PROBLEM
From the line below containing "Arnés Doble Penetración" to the final line, print each line exactly as written. No pictures belong in the copy.
SOURCE DATA START
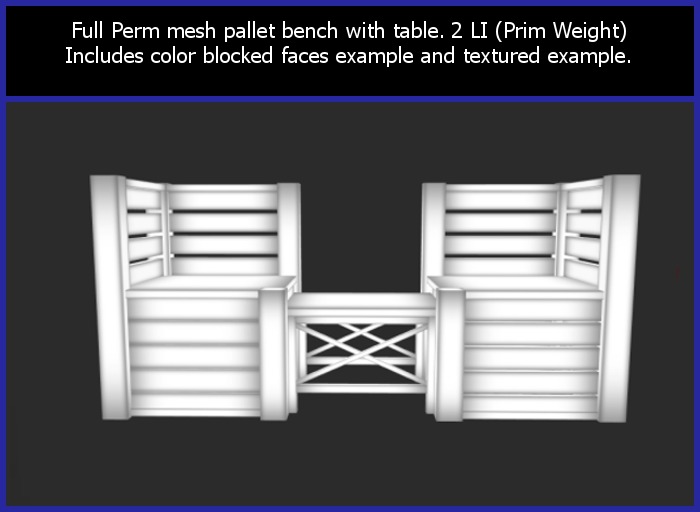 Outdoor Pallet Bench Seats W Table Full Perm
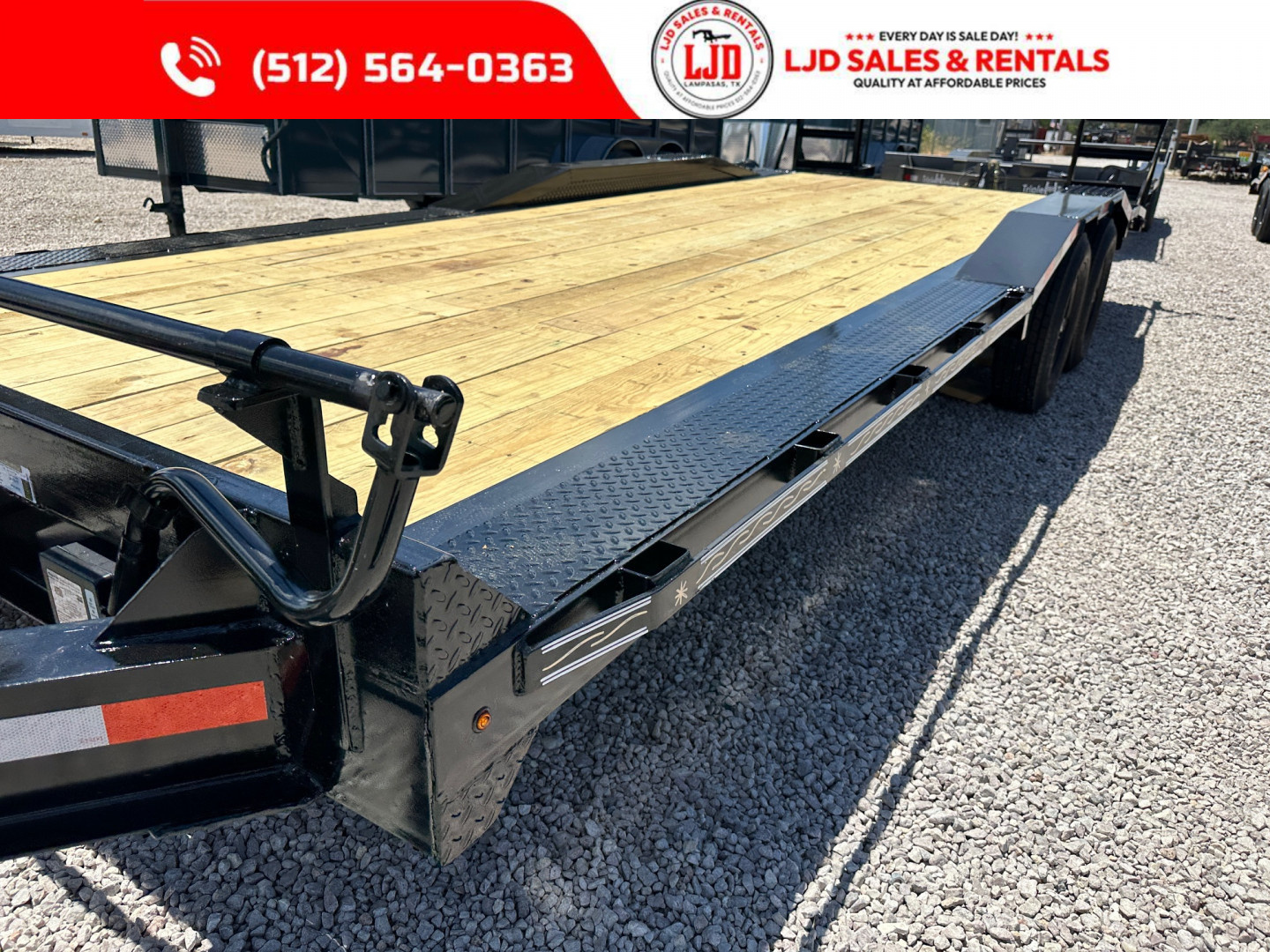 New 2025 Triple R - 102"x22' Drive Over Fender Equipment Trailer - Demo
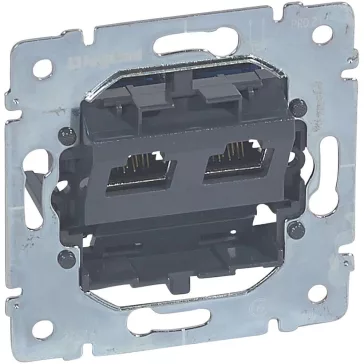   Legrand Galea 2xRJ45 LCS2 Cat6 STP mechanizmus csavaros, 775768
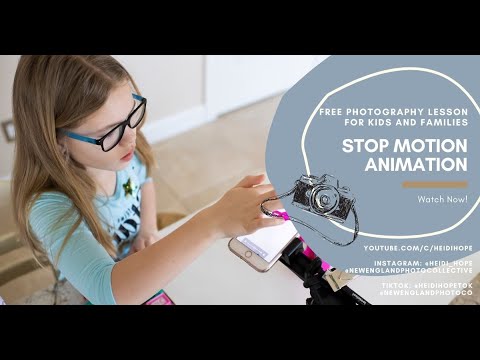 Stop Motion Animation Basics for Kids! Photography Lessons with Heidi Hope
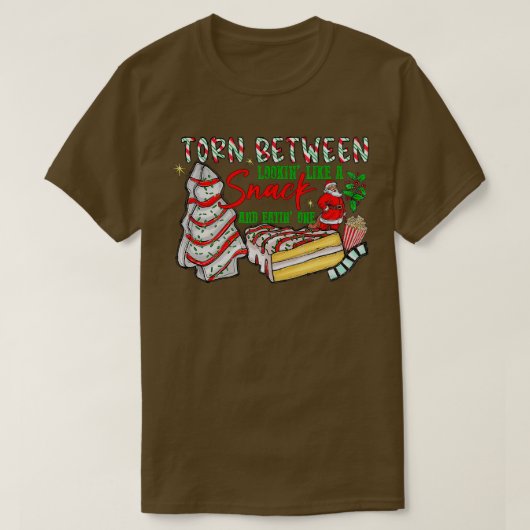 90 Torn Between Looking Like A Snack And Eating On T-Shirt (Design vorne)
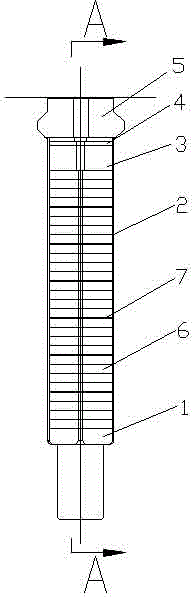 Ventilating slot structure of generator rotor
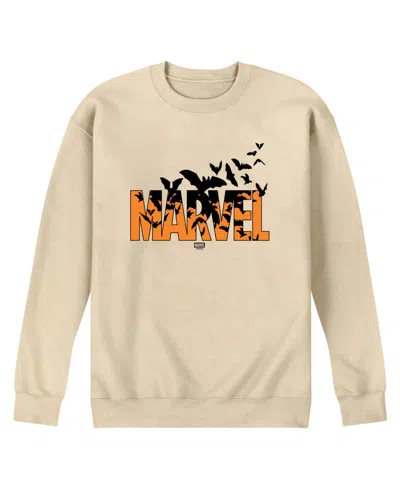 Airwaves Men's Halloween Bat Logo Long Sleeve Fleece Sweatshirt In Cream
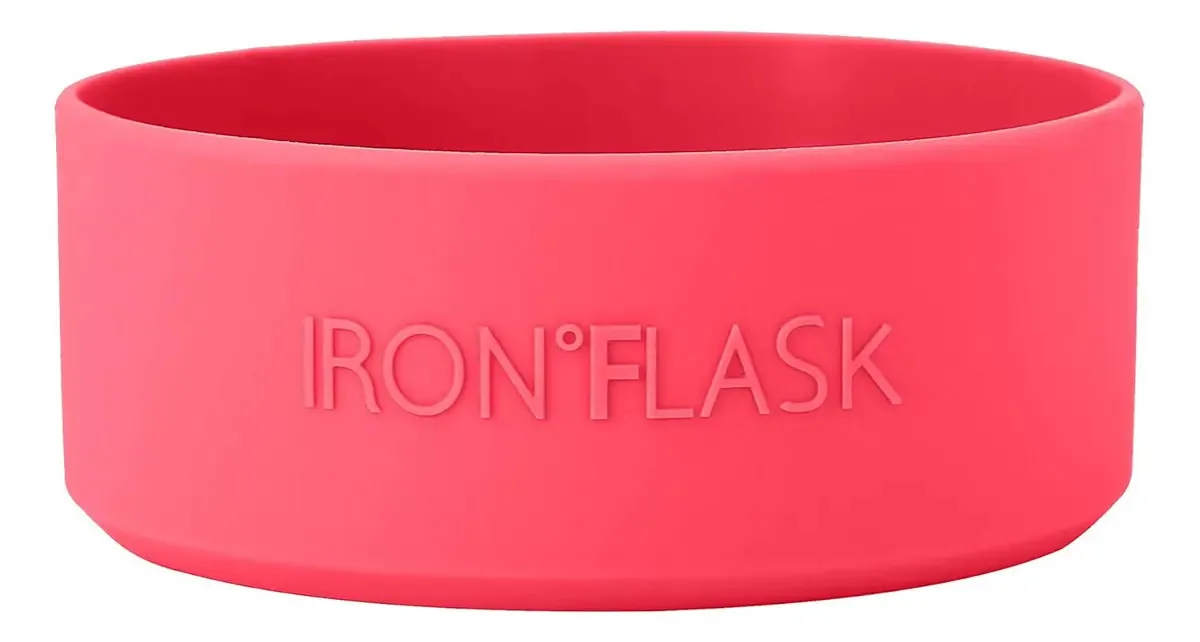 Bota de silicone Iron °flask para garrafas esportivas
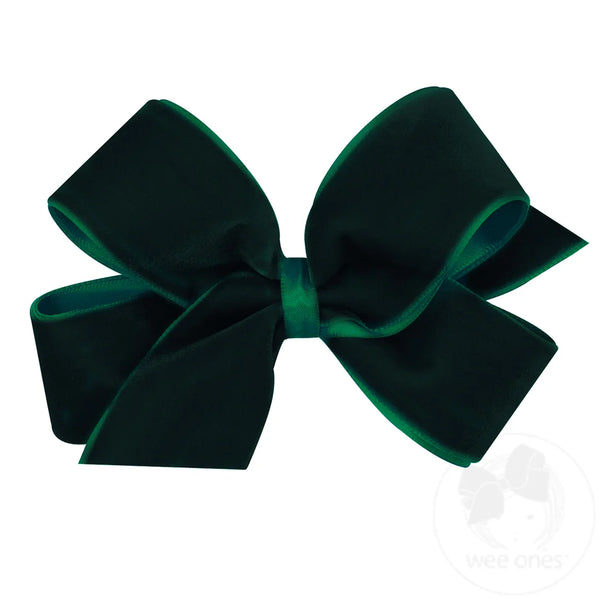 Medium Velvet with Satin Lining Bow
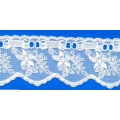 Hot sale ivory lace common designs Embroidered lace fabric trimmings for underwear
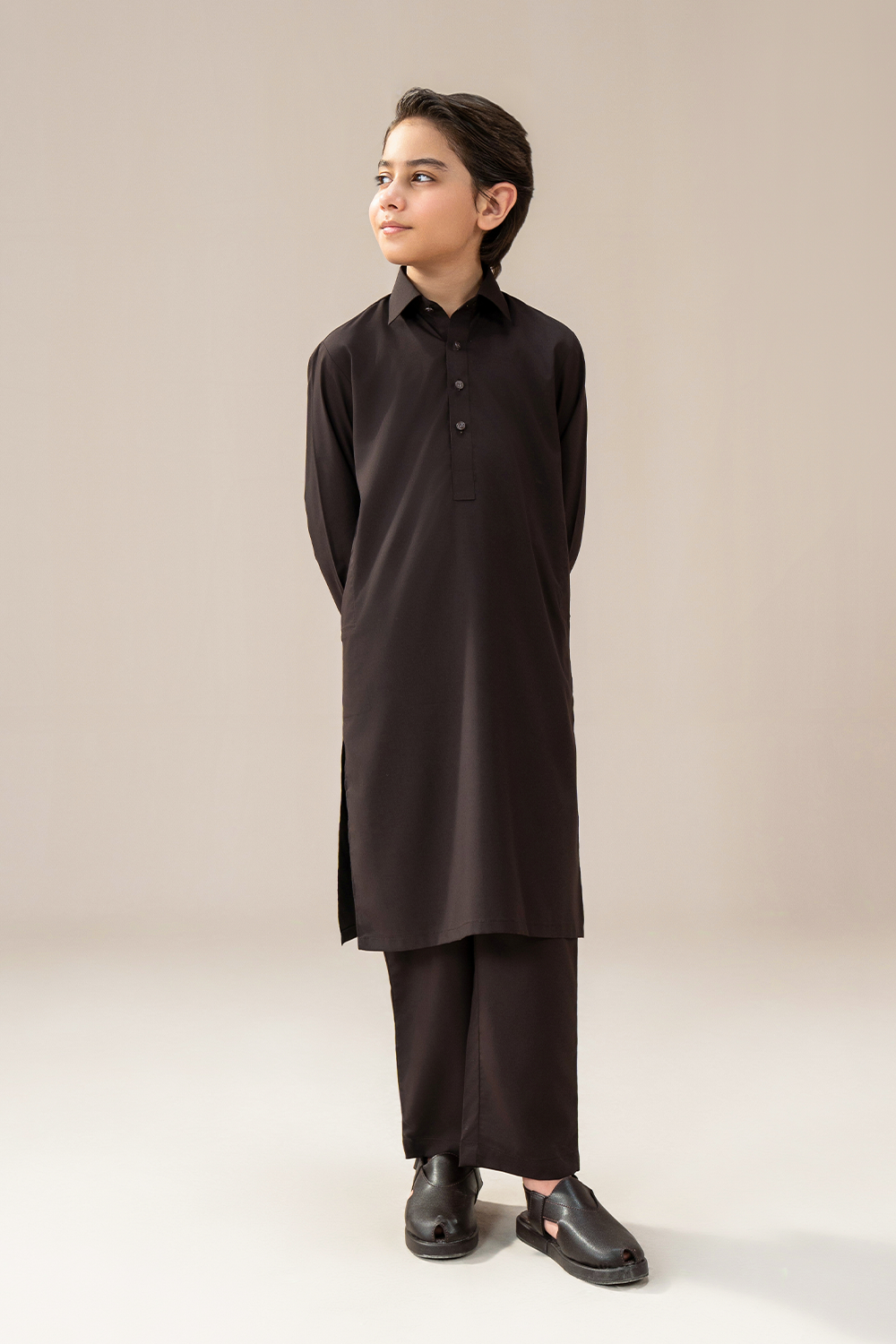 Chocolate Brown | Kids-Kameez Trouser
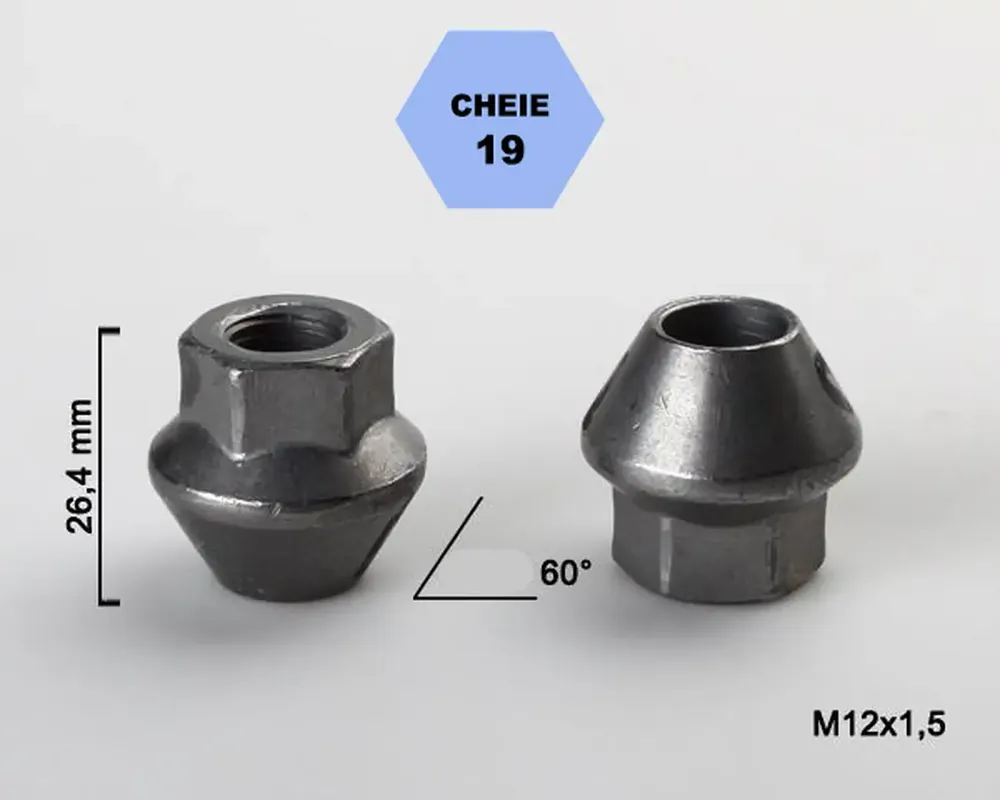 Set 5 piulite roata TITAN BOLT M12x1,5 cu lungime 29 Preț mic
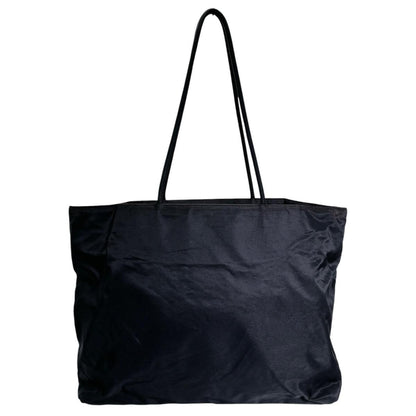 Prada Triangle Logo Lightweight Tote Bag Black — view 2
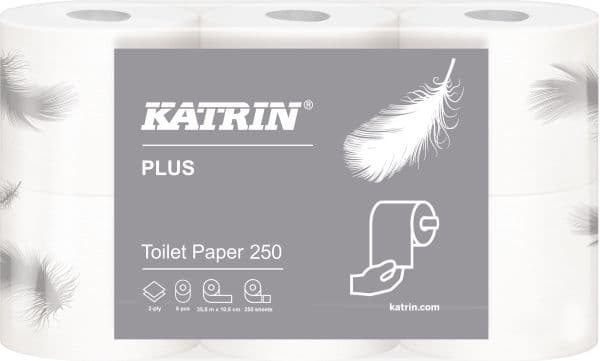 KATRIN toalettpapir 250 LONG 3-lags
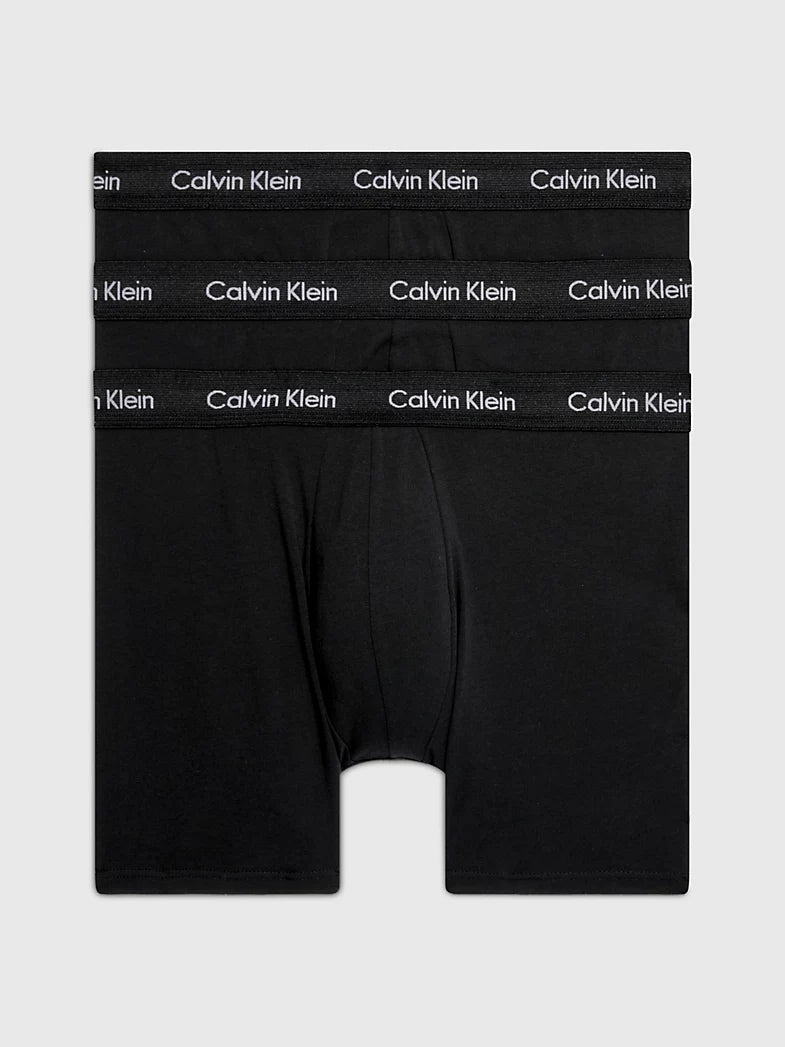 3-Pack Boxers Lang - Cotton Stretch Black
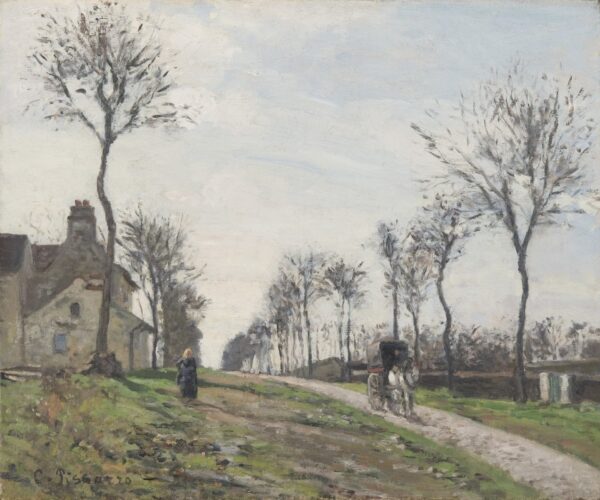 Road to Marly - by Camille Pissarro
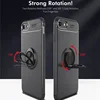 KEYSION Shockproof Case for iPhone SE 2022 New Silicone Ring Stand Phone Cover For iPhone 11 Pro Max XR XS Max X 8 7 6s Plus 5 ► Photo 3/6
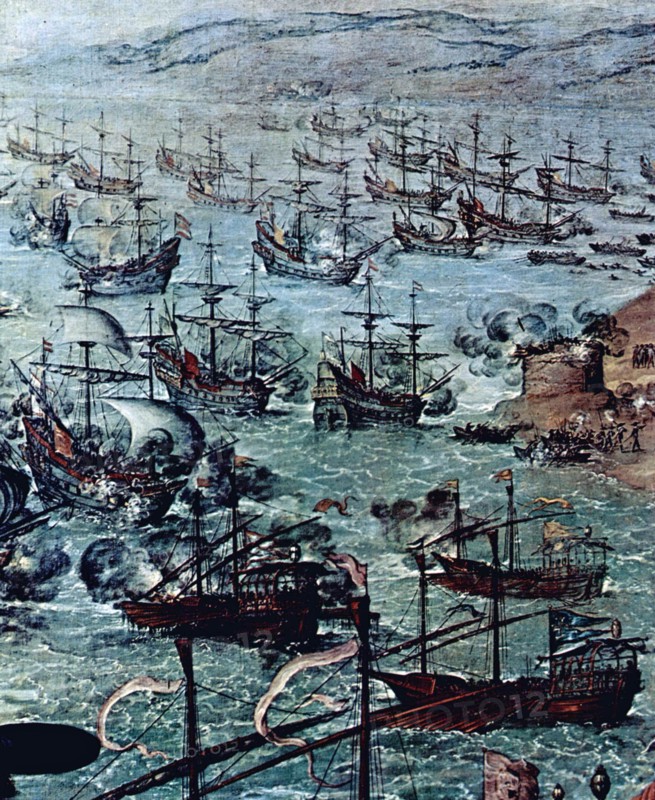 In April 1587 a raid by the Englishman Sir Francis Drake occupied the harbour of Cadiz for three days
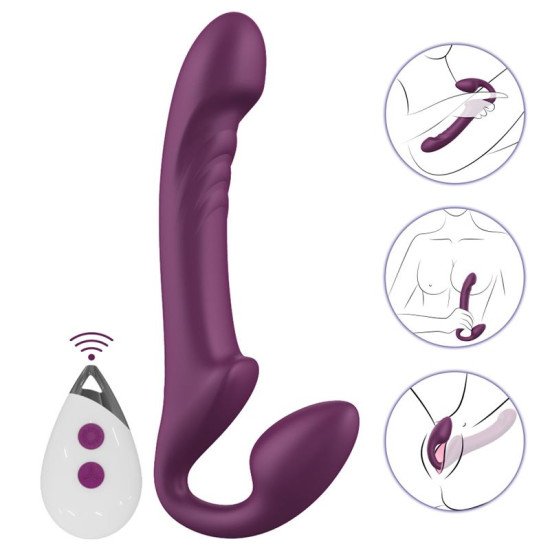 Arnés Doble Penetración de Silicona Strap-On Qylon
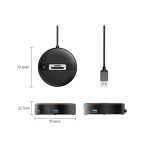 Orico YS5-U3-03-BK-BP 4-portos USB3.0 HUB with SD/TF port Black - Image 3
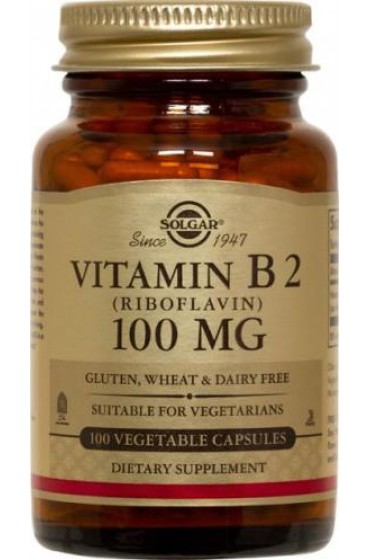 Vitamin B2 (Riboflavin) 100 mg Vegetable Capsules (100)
SOURCE DATA END
RESULT
 Arnés Doble Penetración de Silicona Strap-On Qylon
 Orico YS5-U3-03-BK-BP 4-portos USB3.0 HUB with SD/TF port Black - Image 3
 Vitamin B2 (Riboflavin) 100 mg Vegetable Capsules (100)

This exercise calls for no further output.